Look for the line containing "2 Seater Velvet" and the line containing "GENOVA. DOGI BIENNALI, 1528-1797." in the entries below. Copy those two and all lines between them exactly, leaving out pictures.

EXTRACTED MATERIAL -
-------------------------
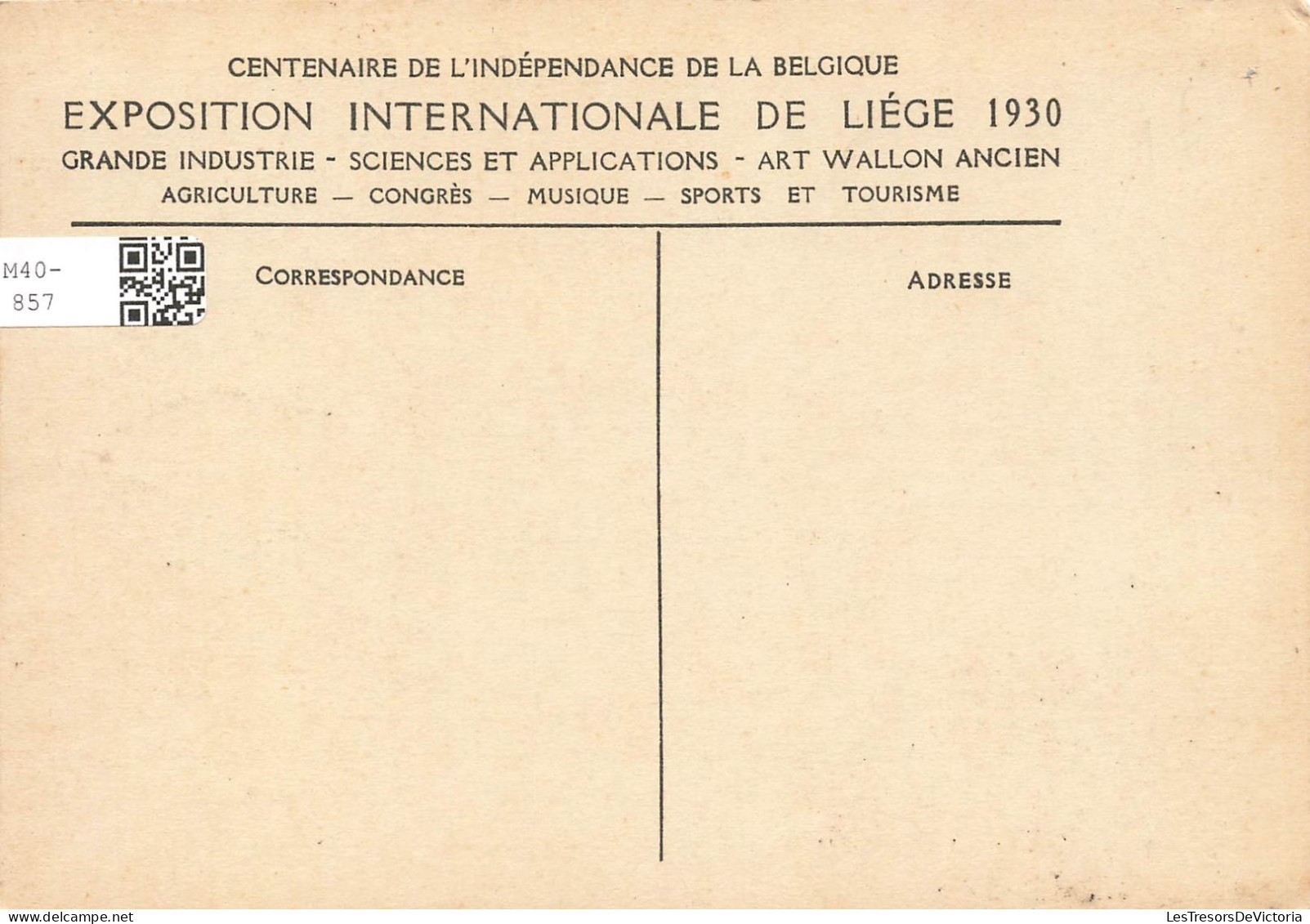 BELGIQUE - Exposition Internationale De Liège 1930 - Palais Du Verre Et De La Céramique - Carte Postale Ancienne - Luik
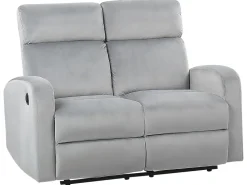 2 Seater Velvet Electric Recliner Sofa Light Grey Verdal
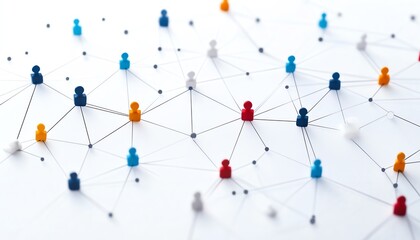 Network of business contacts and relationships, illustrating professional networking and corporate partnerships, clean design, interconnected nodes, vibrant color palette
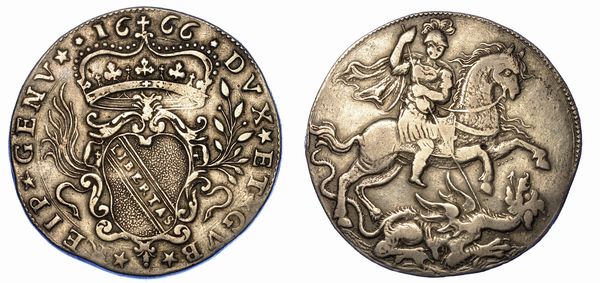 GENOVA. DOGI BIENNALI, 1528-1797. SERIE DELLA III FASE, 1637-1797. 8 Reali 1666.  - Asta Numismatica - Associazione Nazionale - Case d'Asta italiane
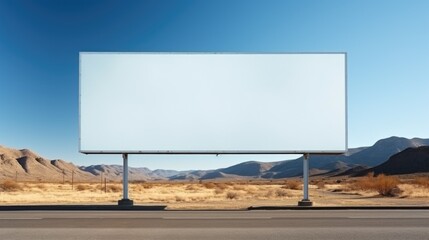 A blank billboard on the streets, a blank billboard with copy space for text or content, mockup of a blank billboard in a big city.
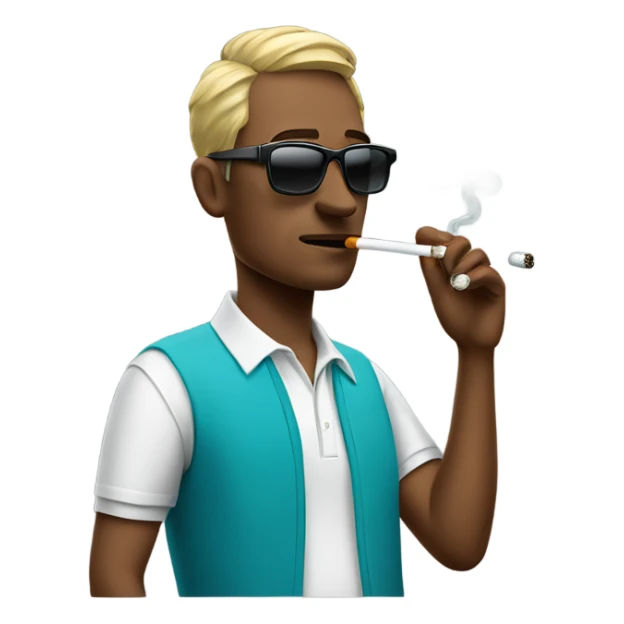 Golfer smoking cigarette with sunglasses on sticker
-------------------------
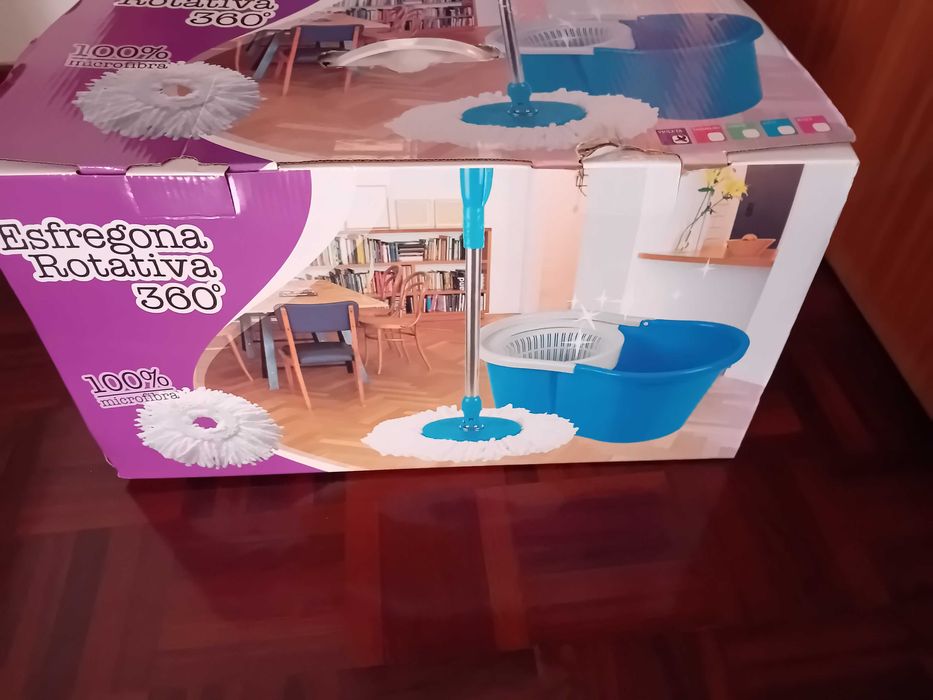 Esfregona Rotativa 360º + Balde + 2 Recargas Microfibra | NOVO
-------------------------
RESPONSE FOR THIS EXERCISE -
 2 Seater Velvet Electric Recliner Sofa Light Grey Verdal
 Network of business contacts and relationships, illustrating professional networking and corporate partnerships, clean design, interconnected nodes, vibrant color palette
 GENOVA. DOGI BIENNALI, 1528-1797. SERIE DELLA III FASE, 1637-1797. 8 Reali 1666.  - Asta Numismatica - Associazione Nazionale - Case d'Asta italiane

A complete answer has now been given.